Policies

A policy says what the proxy does for one class. Every active class has exactly one published policy at any time. Edits create new versions; the active version is “the most recent one with published_at set.”

For the full field-by-field reference, see reference/policy-schema.md.

What’s in a policy

version: 1
description: "Engineering — default safety policy"

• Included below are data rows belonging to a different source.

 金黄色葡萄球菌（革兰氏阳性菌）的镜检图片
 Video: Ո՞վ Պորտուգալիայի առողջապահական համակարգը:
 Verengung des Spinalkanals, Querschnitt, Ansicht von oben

fail_mode: closed              # default when a detector errors with no on_failure
global_timeout_ms: 5000        # per-detector timeout if a stage doesn't override
series_mode: exhaustive        # how the cascade decides termination

stages:
  - name: cheap-inline
    direction: both             # request | response | both
    detectors: [regex_pii, keyword_blocklist]
    timeout_ms: 200

  - name: hosted-scan
    direction: both
    detectors: [presidio]
    timeout_ms: 2000

detectors:
  regex_pii:
    enabled: true
    weight: 1.0
    thresholds: { flag: 0.5, block: 0.85 }
    on_failure:
      - { cause: timeout, action: continue }
      - { cause: error, action: block }

  presidio:
    enabled: true
    weight: 1.0
    thresholds: { flag: 0.5, block: 0.85 }
    parameters:
      endpoint: { secret_ref: PRESIDIO_URL }
      entities: [EMAIL_ADDRESS, US_SSN, PHONE_NUMBER]

budgets:
  cost_usd_per_day: 100.00
  cost_usd_per_month: null
  on_exceeded: { action: block }

The two key pieces

Stages

The list of stages is the cascade. Stages run serially in declared order. Detectors within a stage run in parallel.

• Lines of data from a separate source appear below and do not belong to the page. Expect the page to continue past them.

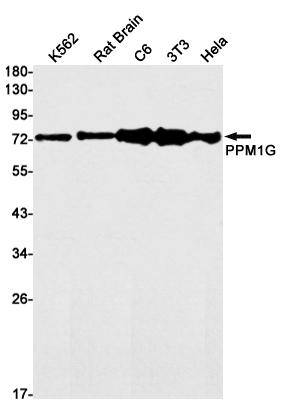 Rabbit monoclonal antibody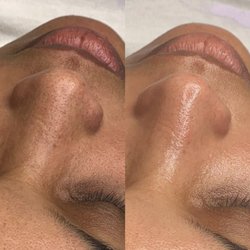 Clear pores!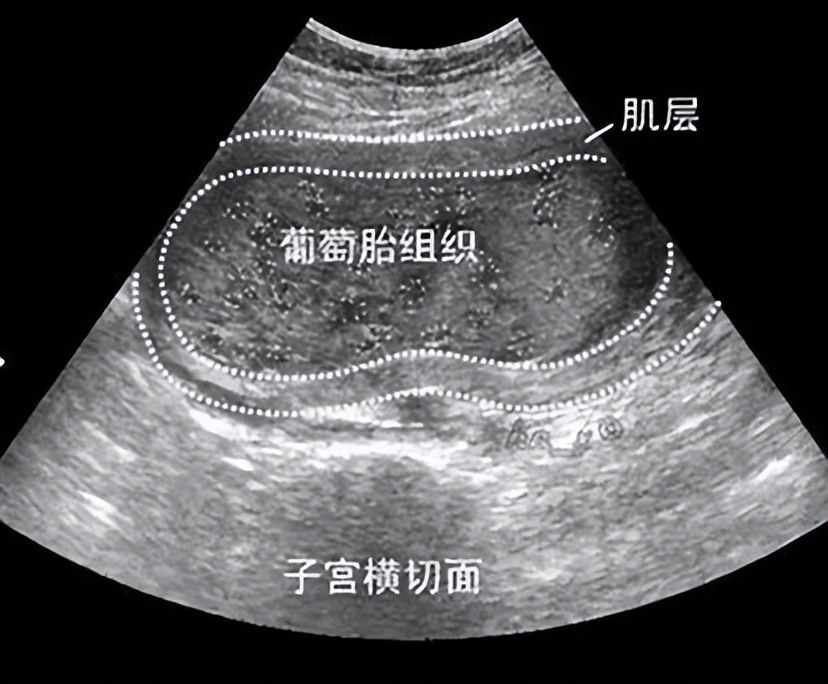 怀孕吐得厉害跟孩子智商有关吗,怀孕时吐得厉害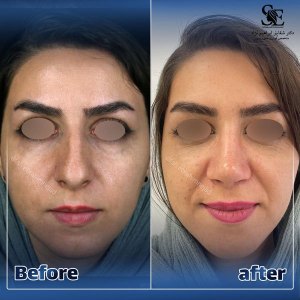 جراحی-بینی-47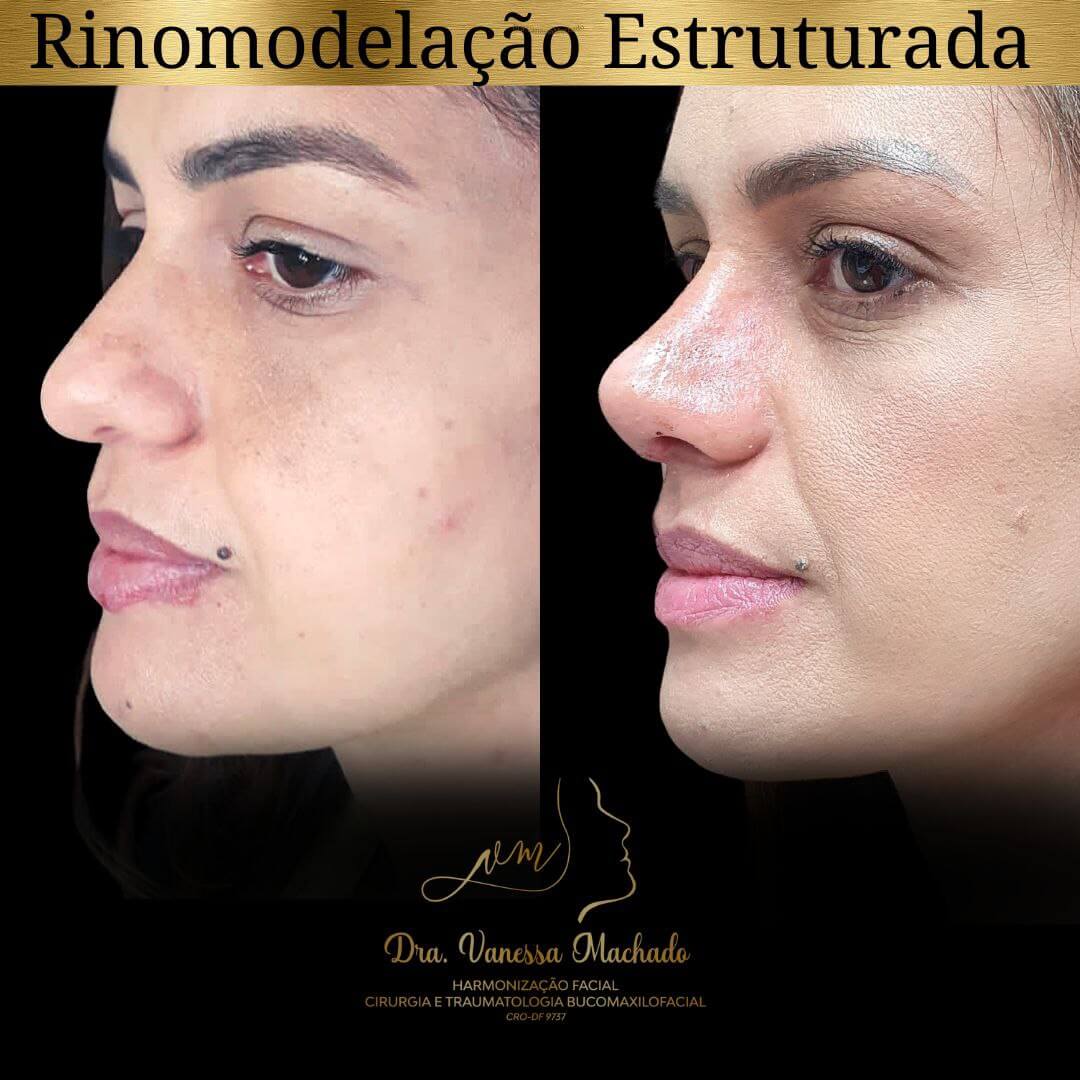 photo_4934046588876204849_y-1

direction decides whether a stage runs on the request, the response, or both:

direction	Runs when
`request`	Before forwarding to the LLM (pre-flight)
`response`	While streaming the LLM response back
`both`	Both

timeout_ms caps each detector in the stage. If unset, the policy’s global_timeout_ms applies.

A stage’s combined effect is computed by the lattice — Block > Approve > Modify > Flag > Allow. The first stage that combines to Block halts the cascade; the request is refused with 403 (pre-flight) or an SSE event: error (mid-stream).

Detectors

The detectors map is keyed by the detector’s name (which is what stages[].detectors[] references). For each detector you say:

enabled — flip off without removing from stages
weight — for the score combiner
thresholds — how flag / block are derived from a score (used by some detectors)
category_overrides — per-category threshold tweaks (e.g. block US_SSN at 0.5 instead of 0.85)
parameters — adapter-specific config (frozen at deployment for v1; per-policy variation is a future feature)
on_failure — see below

`on_failure` per detector

By default, a failed detector falls back to the policy’s global fail_mode:

fail_mode: open → failure becomes Allow (request proceeds)
fail_mode: closed → failure becomes Block (request refused)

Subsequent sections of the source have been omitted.